Room: C674, University Hall
A typical vehicle routing problem involves deploying a fleet of vehicles to serve some clients. Many well-studied models are concerned mostly with the distance travelled by the vehicles. However, this objective does not differentiate between clients that are located at different distances from the depot. For example, a client closer to the depot may incur a larger delay than a client that is further away in a minimum-length TSP tour. This can be a source of client dissatisfaction.
This leads us to consider the notion of regret of a client: the time a client waits to be served in excess of its shortest-path distance from the depot. I will discuss old and new approximation algorithms for client-centric vehicle routing models and their applications to more classical models. In particular, I will present the first constant-factor approximation for the problem of deploying the fewest vehicles to ensure each client is served with regret at most some given bound B.
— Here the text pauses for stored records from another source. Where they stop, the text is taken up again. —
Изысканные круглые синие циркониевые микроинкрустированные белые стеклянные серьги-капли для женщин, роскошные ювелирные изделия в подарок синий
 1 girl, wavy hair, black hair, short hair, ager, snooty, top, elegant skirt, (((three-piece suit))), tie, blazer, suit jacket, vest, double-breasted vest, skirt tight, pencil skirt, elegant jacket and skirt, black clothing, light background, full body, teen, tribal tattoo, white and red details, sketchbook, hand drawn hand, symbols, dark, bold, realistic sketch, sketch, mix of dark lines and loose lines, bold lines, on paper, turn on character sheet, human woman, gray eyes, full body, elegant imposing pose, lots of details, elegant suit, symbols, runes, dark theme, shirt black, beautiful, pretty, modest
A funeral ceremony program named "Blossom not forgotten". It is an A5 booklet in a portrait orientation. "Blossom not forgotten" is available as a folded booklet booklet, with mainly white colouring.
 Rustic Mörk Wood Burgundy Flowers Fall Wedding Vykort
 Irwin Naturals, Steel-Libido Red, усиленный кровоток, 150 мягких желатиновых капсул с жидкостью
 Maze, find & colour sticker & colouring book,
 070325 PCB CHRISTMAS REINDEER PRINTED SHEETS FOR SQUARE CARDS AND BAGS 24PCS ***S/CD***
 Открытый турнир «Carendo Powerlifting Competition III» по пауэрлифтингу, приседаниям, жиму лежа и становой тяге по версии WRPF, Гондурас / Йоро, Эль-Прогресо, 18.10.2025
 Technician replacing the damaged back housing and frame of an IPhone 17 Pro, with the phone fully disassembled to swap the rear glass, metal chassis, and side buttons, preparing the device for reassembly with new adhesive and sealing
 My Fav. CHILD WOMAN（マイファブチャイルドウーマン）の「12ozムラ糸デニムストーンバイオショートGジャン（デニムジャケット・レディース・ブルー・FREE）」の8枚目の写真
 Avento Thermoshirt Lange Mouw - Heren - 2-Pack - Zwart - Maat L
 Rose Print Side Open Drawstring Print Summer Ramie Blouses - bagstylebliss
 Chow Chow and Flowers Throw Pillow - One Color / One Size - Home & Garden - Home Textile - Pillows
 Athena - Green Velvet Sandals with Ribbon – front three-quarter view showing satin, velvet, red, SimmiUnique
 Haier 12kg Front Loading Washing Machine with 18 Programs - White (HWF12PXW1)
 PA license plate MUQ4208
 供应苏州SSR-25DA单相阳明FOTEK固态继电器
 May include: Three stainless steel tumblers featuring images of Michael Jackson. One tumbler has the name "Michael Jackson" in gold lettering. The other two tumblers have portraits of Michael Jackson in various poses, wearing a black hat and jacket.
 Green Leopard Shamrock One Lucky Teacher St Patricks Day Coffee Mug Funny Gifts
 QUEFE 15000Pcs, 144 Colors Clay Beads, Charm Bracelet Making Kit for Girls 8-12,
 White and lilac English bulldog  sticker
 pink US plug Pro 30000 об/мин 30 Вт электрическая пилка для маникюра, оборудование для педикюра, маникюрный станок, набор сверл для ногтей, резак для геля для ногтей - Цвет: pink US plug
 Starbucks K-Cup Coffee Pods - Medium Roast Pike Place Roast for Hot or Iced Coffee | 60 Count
Students are encouraged to attend.
Professor Friggstad’s main research interests lie in designing approximation algorithms and, more specifically, in investigating the effectiveness of mathematical programming based techniques in the design of such algorithms. His research has been applied to problems in vehicle routing, facility location, resource allocation, network design, and lift-and-project techniques. Professor Friggstad is a University of Lethbridge alumnis (2005) and, as a student, he has competed twice in the ACM Programming Contest World Finals obtaining one Bronze Medal in 2006.